(Items listed in a dataset)
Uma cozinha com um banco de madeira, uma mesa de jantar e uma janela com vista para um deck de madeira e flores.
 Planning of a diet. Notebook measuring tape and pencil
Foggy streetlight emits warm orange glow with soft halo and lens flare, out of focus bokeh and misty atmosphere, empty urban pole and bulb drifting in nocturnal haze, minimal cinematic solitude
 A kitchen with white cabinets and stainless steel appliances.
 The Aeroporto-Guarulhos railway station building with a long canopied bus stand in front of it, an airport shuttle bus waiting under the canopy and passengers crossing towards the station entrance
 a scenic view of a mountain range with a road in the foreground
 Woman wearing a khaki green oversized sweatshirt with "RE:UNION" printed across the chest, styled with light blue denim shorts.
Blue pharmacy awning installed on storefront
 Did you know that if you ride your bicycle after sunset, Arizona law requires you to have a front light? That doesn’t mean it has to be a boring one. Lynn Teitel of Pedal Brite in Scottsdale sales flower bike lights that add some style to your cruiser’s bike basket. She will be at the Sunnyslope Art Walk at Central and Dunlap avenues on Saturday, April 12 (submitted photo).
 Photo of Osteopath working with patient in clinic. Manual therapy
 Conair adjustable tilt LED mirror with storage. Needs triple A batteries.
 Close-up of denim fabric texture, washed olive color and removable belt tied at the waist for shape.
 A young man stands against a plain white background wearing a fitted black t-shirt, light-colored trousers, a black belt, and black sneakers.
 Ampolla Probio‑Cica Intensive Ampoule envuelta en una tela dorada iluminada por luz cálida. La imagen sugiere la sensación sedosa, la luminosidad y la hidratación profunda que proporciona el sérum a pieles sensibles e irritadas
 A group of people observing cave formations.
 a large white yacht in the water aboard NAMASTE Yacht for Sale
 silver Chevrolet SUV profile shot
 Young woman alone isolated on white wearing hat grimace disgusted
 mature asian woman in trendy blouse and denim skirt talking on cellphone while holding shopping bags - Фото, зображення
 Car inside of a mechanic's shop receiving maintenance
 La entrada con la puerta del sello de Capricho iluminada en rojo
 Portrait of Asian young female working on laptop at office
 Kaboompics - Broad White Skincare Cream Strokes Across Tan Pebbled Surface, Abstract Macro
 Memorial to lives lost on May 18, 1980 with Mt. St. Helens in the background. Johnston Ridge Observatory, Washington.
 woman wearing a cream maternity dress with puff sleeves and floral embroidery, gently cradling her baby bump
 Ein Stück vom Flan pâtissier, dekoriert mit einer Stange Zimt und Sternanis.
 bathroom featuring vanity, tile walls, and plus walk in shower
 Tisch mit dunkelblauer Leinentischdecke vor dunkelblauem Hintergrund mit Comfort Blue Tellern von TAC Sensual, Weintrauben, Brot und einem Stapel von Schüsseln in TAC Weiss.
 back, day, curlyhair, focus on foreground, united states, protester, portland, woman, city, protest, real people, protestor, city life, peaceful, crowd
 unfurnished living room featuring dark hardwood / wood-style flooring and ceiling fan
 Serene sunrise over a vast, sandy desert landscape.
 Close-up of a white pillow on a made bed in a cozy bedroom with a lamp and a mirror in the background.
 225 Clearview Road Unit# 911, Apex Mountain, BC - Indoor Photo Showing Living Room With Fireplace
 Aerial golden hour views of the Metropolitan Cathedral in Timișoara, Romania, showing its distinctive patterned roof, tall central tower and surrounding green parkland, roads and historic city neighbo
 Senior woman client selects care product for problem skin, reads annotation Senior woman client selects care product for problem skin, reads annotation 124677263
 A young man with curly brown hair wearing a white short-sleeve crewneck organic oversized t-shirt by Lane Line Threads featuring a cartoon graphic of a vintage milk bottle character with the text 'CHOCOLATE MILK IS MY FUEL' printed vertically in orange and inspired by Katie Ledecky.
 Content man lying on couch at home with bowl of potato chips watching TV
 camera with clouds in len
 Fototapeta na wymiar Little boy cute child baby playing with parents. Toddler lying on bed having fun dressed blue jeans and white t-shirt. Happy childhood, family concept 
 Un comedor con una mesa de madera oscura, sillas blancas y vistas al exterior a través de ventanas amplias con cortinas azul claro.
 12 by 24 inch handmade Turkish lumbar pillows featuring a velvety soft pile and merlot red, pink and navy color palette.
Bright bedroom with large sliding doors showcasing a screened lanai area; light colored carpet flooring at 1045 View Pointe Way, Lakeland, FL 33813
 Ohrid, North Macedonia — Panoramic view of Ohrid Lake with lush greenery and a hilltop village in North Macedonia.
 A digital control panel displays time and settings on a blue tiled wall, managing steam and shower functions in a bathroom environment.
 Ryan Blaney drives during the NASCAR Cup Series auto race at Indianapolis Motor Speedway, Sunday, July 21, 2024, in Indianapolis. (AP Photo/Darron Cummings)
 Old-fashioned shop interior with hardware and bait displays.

> _Problem requirements_: Of the entries above, repeat exactly the lines between the line with "Blue pharmacy awning installed on storefront" and the line with "Ampolla Probio‑Cica Intensive", inclusive, and no others.

> _Result_:
Blue pharmacy awning installed on storefront
 Did you know that if you ride your bicycle after sunset, Arizona law requires you to have a front light? That doesn’t mean it has to be a boring one. Lynn Teitel of Pedal Brite in Scottsdale sales flower bike lights that add some style to your cruiser’s bike basket. She will be at the Sunnyslope Art Walk at Central and Dunlap avenues on Saturday, April 12 (submitted photo).
 Photo of Osteopath working with patient in clinic. Manual therapy
 Conair adjustable tilt LED mirror with storage. Needs triple A batteries.
 Close-up of denim fabric texture, washed olive color and removable belt tied at the waist for shape.
 A young man stands against a plain white background wearing a fitted black t-shirt, light-colored trousers, a black belt, and black sneakers.
 Ampolla Probio‑Cica Intensive Ampoule envuelta en una tela dorada iluminada por luz cálida. La imagen sugiere la sensación sedosa, la luminosidad y la hidratación profunda que proporciona el sérum a pieles sensibles e irritadas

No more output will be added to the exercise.